COLLECTED MATERIAL:

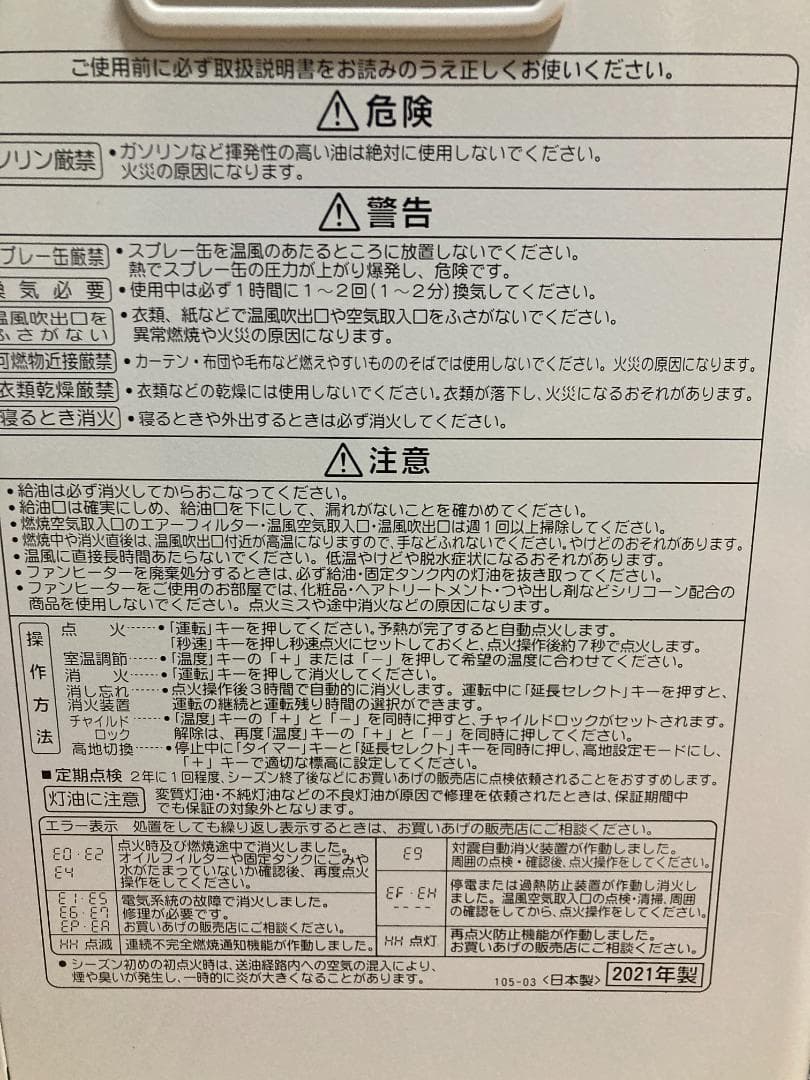 ★コロナ★5.0L★ファン ヒータータンク付 2021年製 FH-GC3221Y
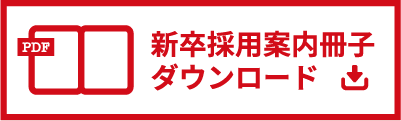 新卒採用案内冊子ダウンロード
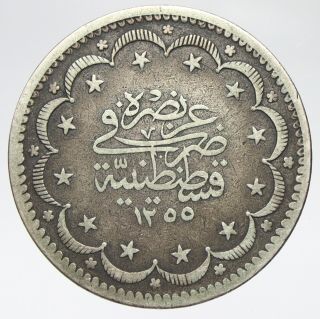 Turkey Türkei Ottoman Islamic arabic coin 20 Piastres 1255 year 6 Abdul Majid 2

EXERCISE DETAILS: Please repeat the listing above word for word, with the pictures removed.

REPLY TO THE EXERCISE:
 ★コロナ★5.0L★ファン ヒータータンク付 2021年製 FH-GC3221Y
 新卒採用案内冊子ダウンロード
 Turkey Türkei Ottoman Islamic arabic coin 20 Piastres 1255 year 6 Abdul Majid 2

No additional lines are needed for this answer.